### PROBLEM REQUIREMENTS
The records that follow are to be repeated in full, with no pictures retained.

### Short text fragments from websites

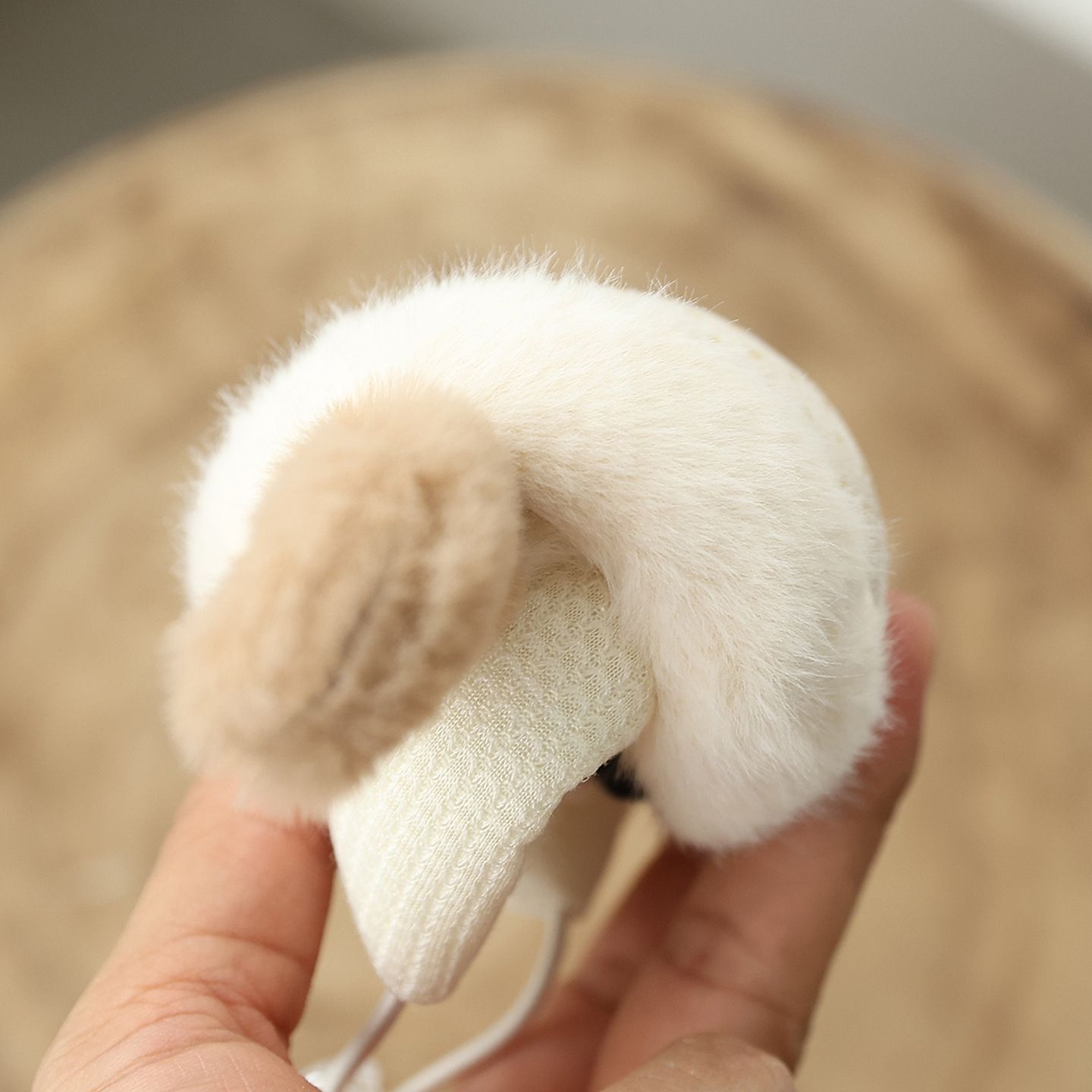 1PairNew Baby Shoes 0-1 Year Old Cartoon Shoes and Socks with One Piece, Non Dropping Heel, Thickened and Velvet Shoes and Socks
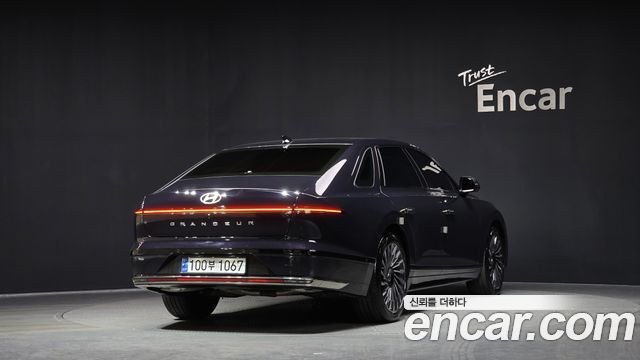 Hyundai Grandeur 2,5 Gasoline 2WD Calligraphy — пробег 11 827 км — фото 2 из 5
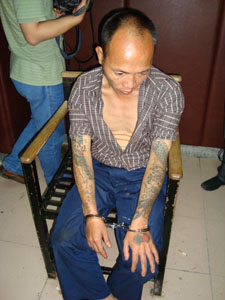 谎称被撞 “黑老大”威胁敲诈车主_新闻中心_新浪网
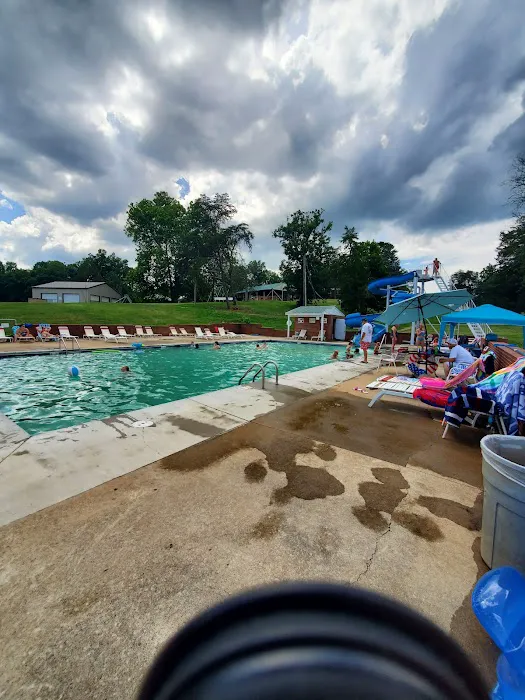 Elkhorn Lake & Campground Inc Picture 8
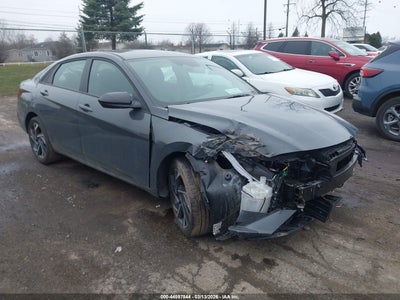 HYUNDAI ELANTRA 2025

### YOUR SOLUTION
 1PairNew Baby Shoes 0-1 Year Old Cartoon Shoes and Socks with One Piece, Non Dropping Heel, Thickened and Velvet Shoes and Socks
 Hyundai Grandeur 2,5 Gasoline 2WD Calligraphy — пробег 11 827 км — фото 2 из 5
 谎称被撞 “黑老大”威胁敲诈车主_新闻中心_新浪网
 Elkhorn Lake & Campground Inc Picture 8
 HYUNDAI ELANTRA 2025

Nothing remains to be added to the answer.